我が国の教育に使われる予算は、もっと増額すべきだと思います。国家予算における教育に関する予算、文教科学費の割合が少なすぎることを指摘しておきます。

たとえば、2016年度予算案では、一般会計総額96兆7000億円のなかで、文教科学費は5兆3580億円、約6%に過ぎません。福祉国家として名高い北欧では20%が教育費に充てられます。北欧では、教育費は初等教育から高等教育まで全て税金で賄われます。これに対して、我が国では高等教育以降は、保護者の経済力に左右される環境にあり、子供の向学心だけではどうにもならない現状があります。たとえば、経済的に子どもを塾に行かせられる家庭と、そうでない家庭の違いや、高校や大学に進学させられる経済的余裕のある家庭とそうでない家庭の違いは大きいのではないでしょうか。

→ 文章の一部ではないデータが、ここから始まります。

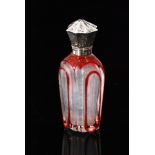 A 19th Century scent bottle red flash clear cut body below octagonal foliate engraved white metal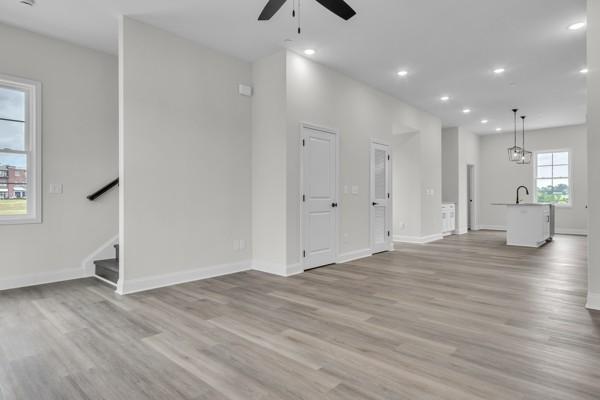 179 Charleston Ave, Pleasant View, TN 37146 - unfurnished living room featuring a ceiling fan, light wood finished floors, recessed lighting, and stairway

たとえば、フィンランドでは、大学院までの教育が無償だそうです。そこでは、純粋に学力面で進学できる人とそうでない人が生まれることになります。進学という面だけで見れば、よほど公正な仕組みだと言わざるを得ません。また、教員も、修士号を持つ者で構成され、高度な教育環境が提供されているものと推察されます。我が国も、このような例を参考に、人材育成の仕組みを再構成すべき時期に差し掛かっていると思います。